In the meantime, I heard the following quote in Sunday's sermon, which I thought offers some good food for thought. The following, amazingly, was published in a Department of Defense journal by an expert DoD analyst trying to come to terms with the differences between Christianity and Islam for the sake of formulating U.S. policy toward Islamic terrorism.
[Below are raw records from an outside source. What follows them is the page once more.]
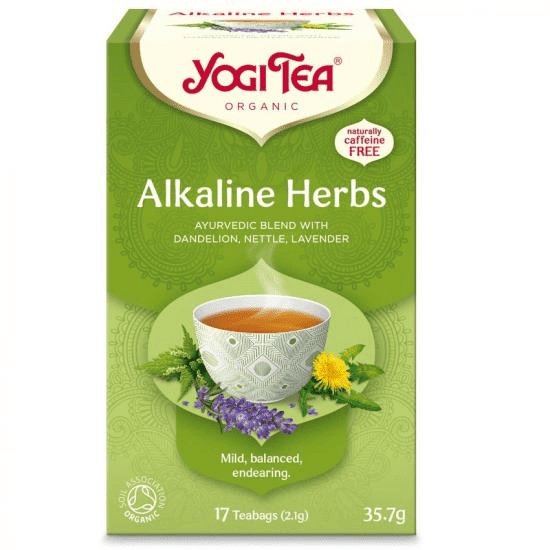 Ceai din plante alcaline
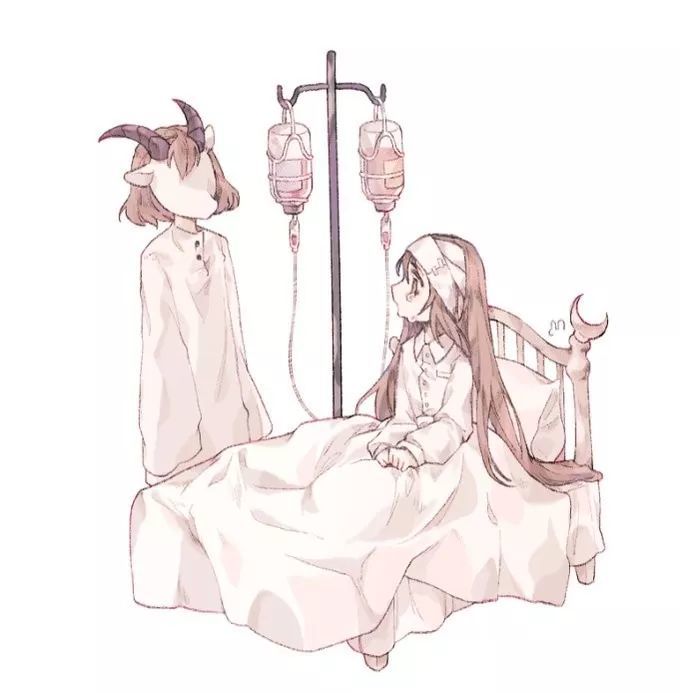 韩国插画师 u_emper 一组少女插画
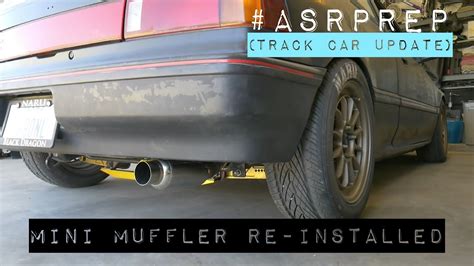 Modified Ebay Exhaust Setup On My Ef Honda Civic Youtube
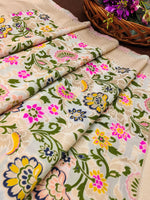 image, DEVANGI Fashion Women&#39;s Floral Silk Blend Patola Woven Dupatta
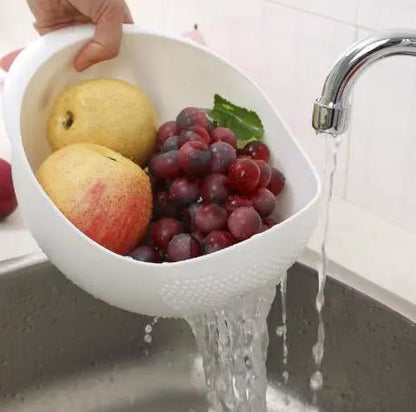 Multi Purpose Kitchen Rice Washer With Dense Holes For Efficient Washing And Draining by null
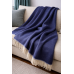 Natural Merino Wool Blanket / Wool Bed Throw Double Size  160 x 200 cm light grey
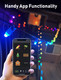 Bluetooth Permanent Christmas Lights, Static Dyanamic Modes, 33Ft 100LEDs Permanent Outdoor Lights App Control, RGB Color Changing Led Christmas Lights for Xmas Tree Wedding Party Room Holiday Decor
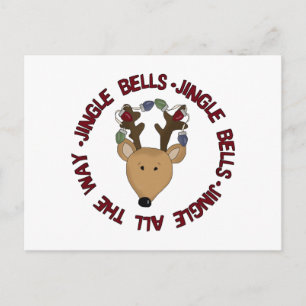 Rentier Jingle Bells Tshirts und Geschenke Postkarte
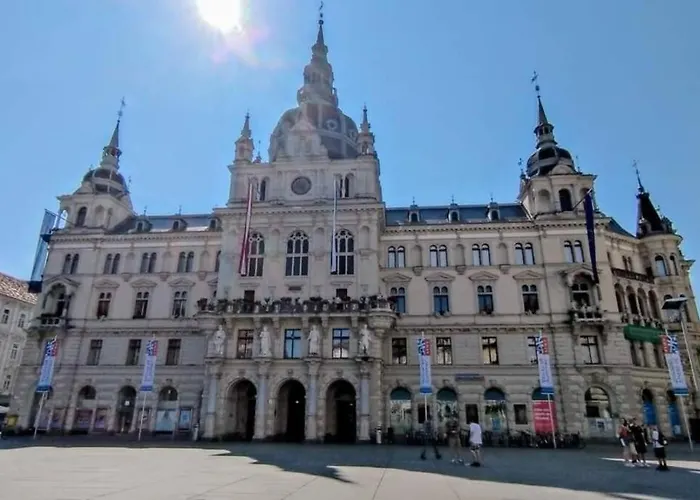Annenstrasse Apartment'6beds'freeparking Graz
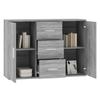 VidaXL Buffet Sonoma gris 91x29,5x65 cm Bois d'ingénierie 823348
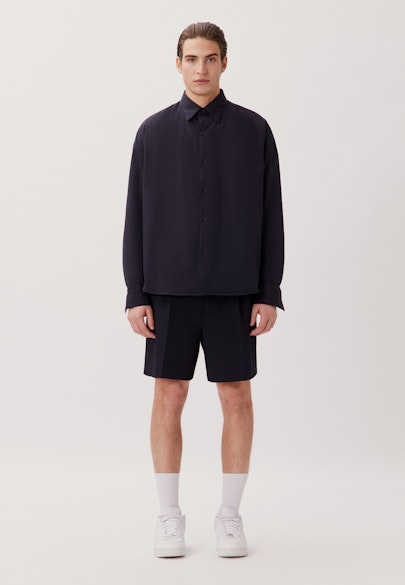 Oversized Casual Hemd Uni in Dunkelblau |  Seidensticker Onlineshop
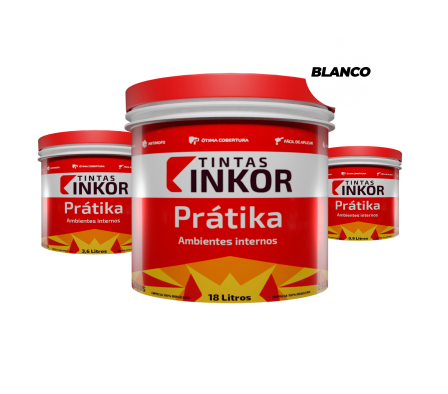 Pintura Inkor Pratika Fosco Blanco 18 Litros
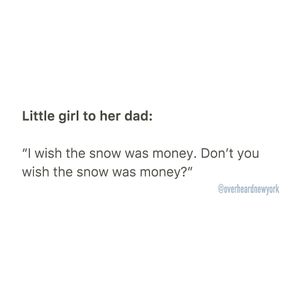 Image post by @overheardnewyork on Instagram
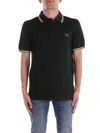 Fred Perry T-shirts And Polos Green In Black
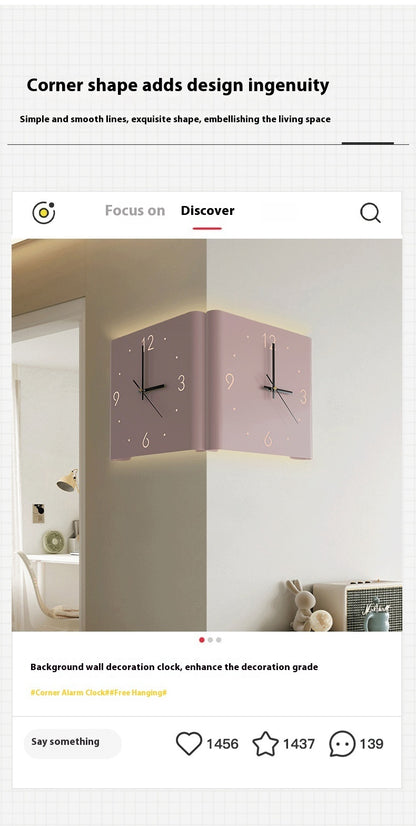 Living Room Stickers Wall Clocks Creative Angle Clock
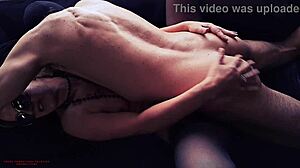 法国熟女，想看沙发上巨大射精吗？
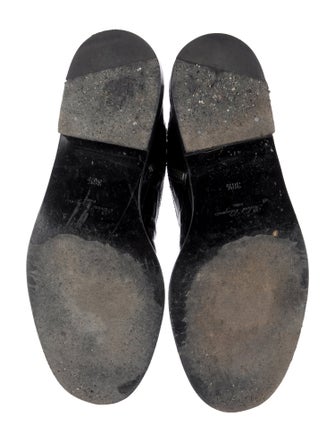 Robert Clergerie Leather Combat Boots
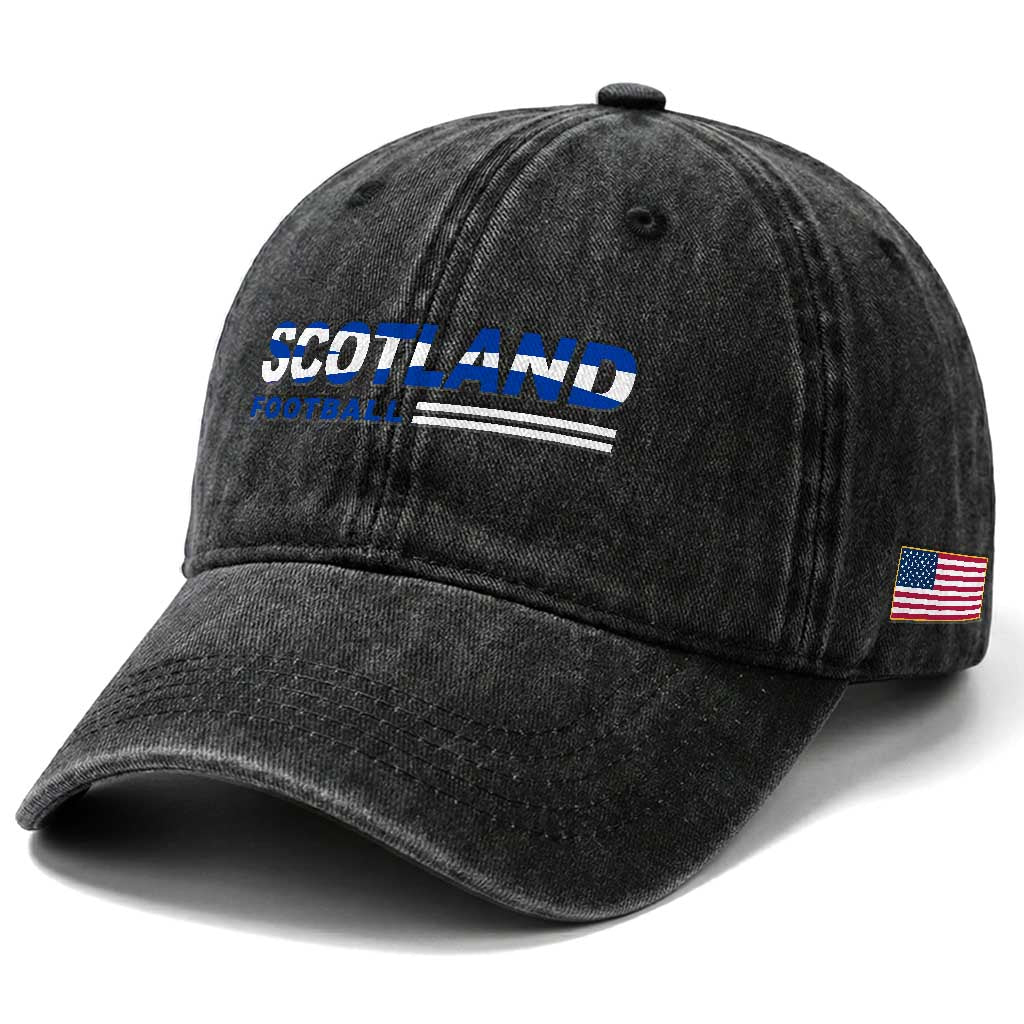 Scotland Football Pride Washed Cotton Baseball Cap Scottish Flag Soccer Fan National Team Fans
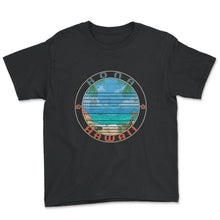 Load image into Gallery viewer, Kona Hawaii Shirt, Hawaii Beach Surfer Surfing Lover Tee, Family - Youth Tee - Black
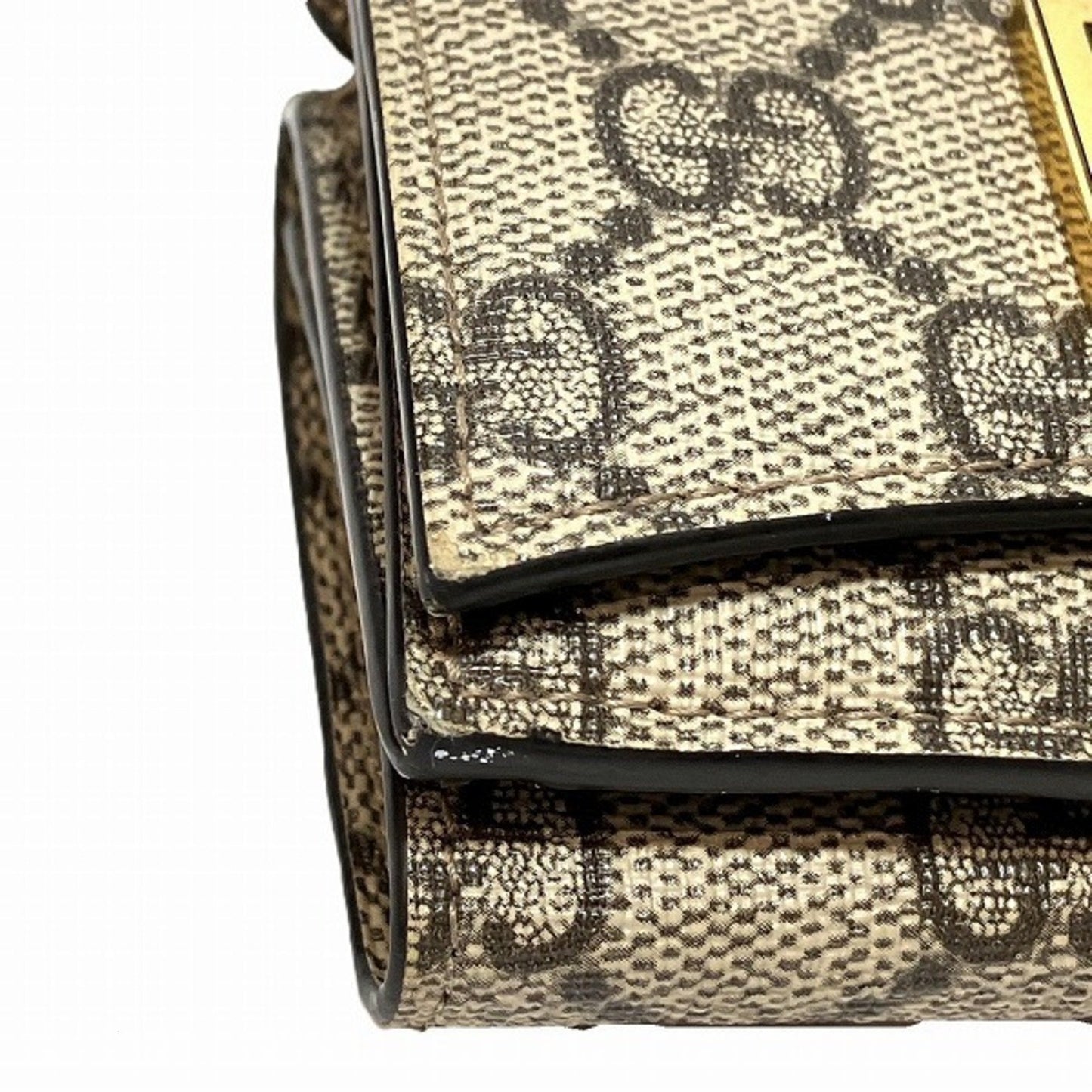 Gucci x Balenciaga The Hacker Project Business Card Holder/Card Case Wallet 681700 Tri-fold for Men and Women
The author writes,

"In no other manner are the differences between Muslims and Christians more sharply contrasted than in the difference between the characters and legacies of their prophets. Perhaps the contrast is best symbolized by the way Mohammad entered Mecca and Jesus entered Jerusalem. Mohammad rode into Mecca on a warhorse, surrounded by 400 mounted men and 10,000 foot soldiers. Those who greeted him were absorbed into his movement; those who resisted him were vanquished, killed, or enslaved. Mohammad conquered Mecca, and took control as its new religious, political, and military leader. Today, in the Topkapi Palace in Istanbul, Turkey, Mohammad’s purported sword is proudly on display . . . .

"Jesus entered Jerusalem on a donkey, accompanied by his 12 disciples. He was welcomed and greeted by people waving palm fronds—a traditional sign of peace. Jesus wept over Jerusalem because the Jews mistook him for an earthly, secular king who was to free them from the yoke of Rome, whereas Jesus came to establish a much different, heavenly kingdom. Jesus came by invitation and not by force. One of Jesus’ disciples, the Apostle Peter, learned this lesson even during Jesus’ apprehension by the Roman authorities. When Peter saw Jesus being taken away by the Roman legionaires and temple guards, he drew his sword and attacked one of the Jewish high priests servants, cutting off his ear. Jesus, stopping Peter’s aggression, healed the wound, and told him to put away his sword: “‘Put your sword back in its place,’ Jesus said to Peter, ‘for all who draw the sword will die by the sword.’” Shortly thereafter, Jesus was arrested, tortured, and crucified.” (Stephen Lambert, “To Gain Strategic Perspective” (Aug 2005), p. 7).

My point in posting it is simply to suggest that whatever we do with the idea of "kingdom" and what role it plays in our understanding of the "gospel," we Christians have a radically different conception of kingdom--one that must take into account why the king had to die.